What you will do:
Beneath this line sits some data. Return only its lines from the one holding "在上海领结婚证在哪里领（怎么在上海领结婚证）" through the one holding "or products", inclusive, exactly, with the images removed.
□ □ □ □
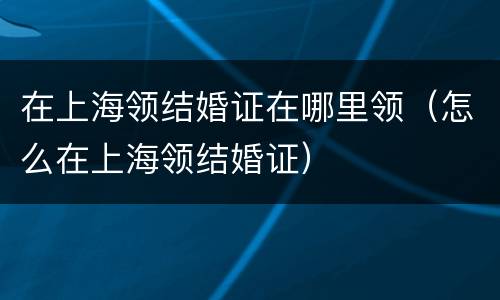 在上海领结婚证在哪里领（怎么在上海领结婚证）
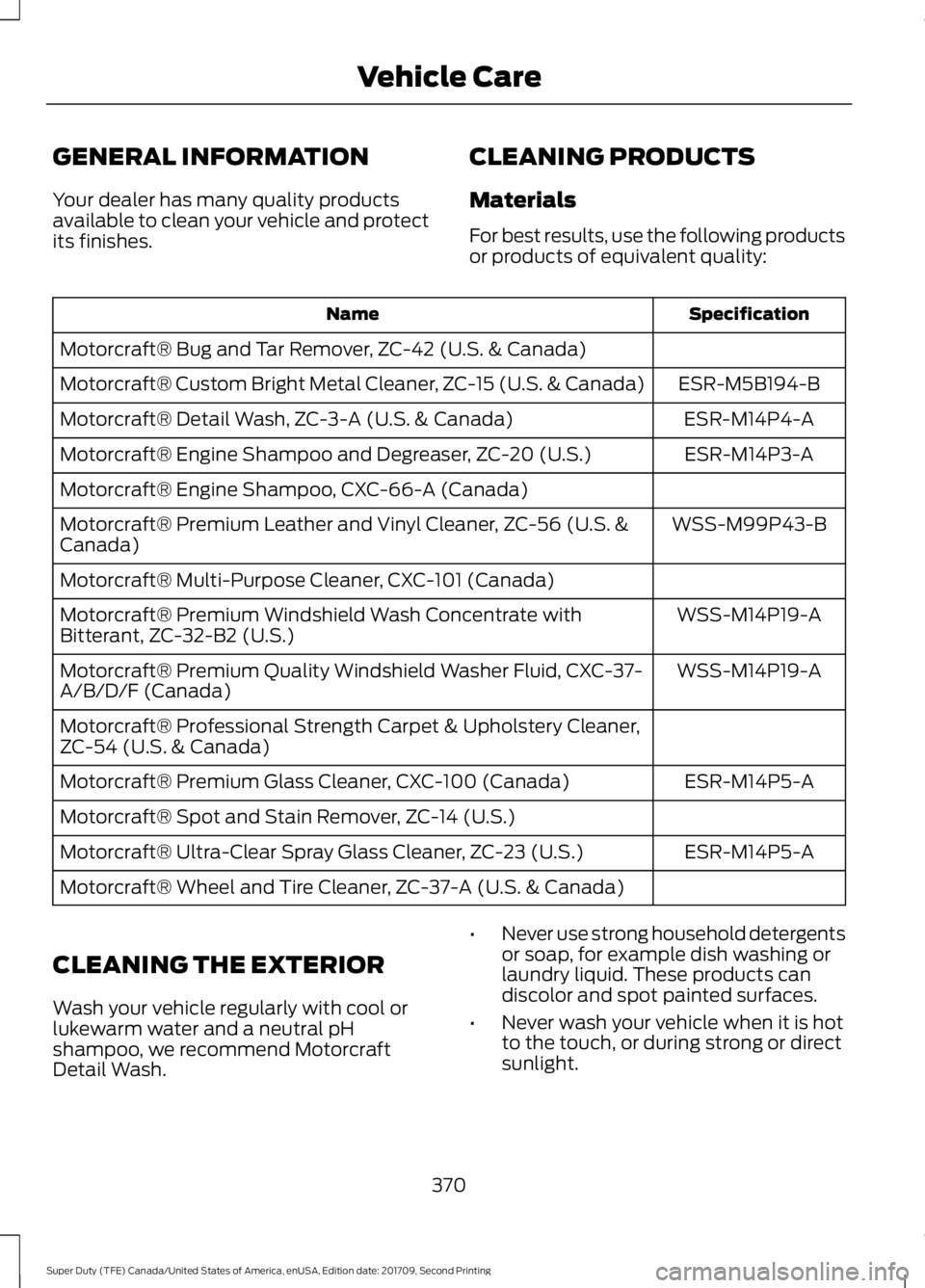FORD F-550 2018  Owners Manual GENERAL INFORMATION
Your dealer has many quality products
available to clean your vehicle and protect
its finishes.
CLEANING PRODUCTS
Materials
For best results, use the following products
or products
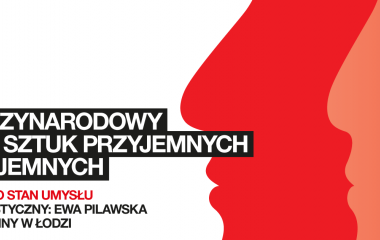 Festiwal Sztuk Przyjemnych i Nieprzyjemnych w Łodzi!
□ □ □ □
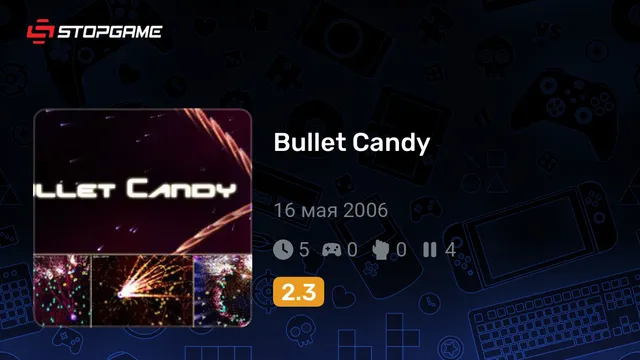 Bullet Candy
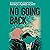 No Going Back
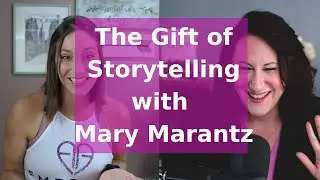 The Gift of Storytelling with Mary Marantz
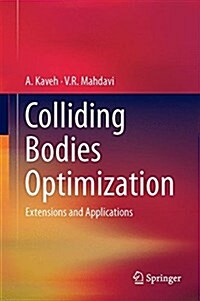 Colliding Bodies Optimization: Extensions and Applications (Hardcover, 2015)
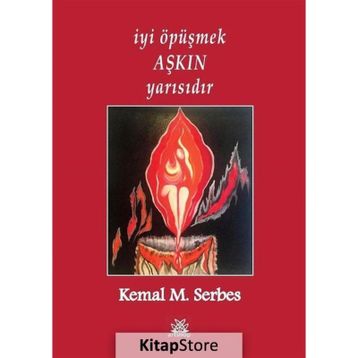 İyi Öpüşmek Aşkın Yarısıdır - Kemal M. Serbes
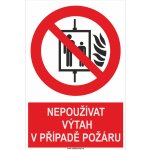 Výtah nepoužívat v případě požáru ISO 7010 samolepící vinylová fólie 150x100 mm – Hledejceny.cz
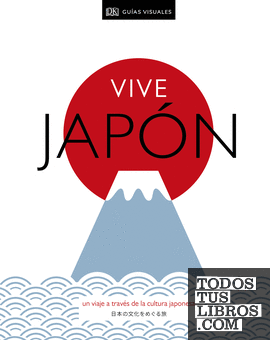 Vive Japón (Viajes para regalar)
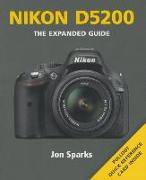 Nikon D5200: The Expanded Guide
□ □ □ □
Solution below:
 在上海领结婚证在哪里领（怎么在上海领结婚证）
FORD F-550 2018  Owners Manual GENERAL INFORMATION
Your dealer has many quality products
available to clean your vehicle and protect
its finishes.
CLEANING PRODUCTS
Materials
For best results, use the following products
or products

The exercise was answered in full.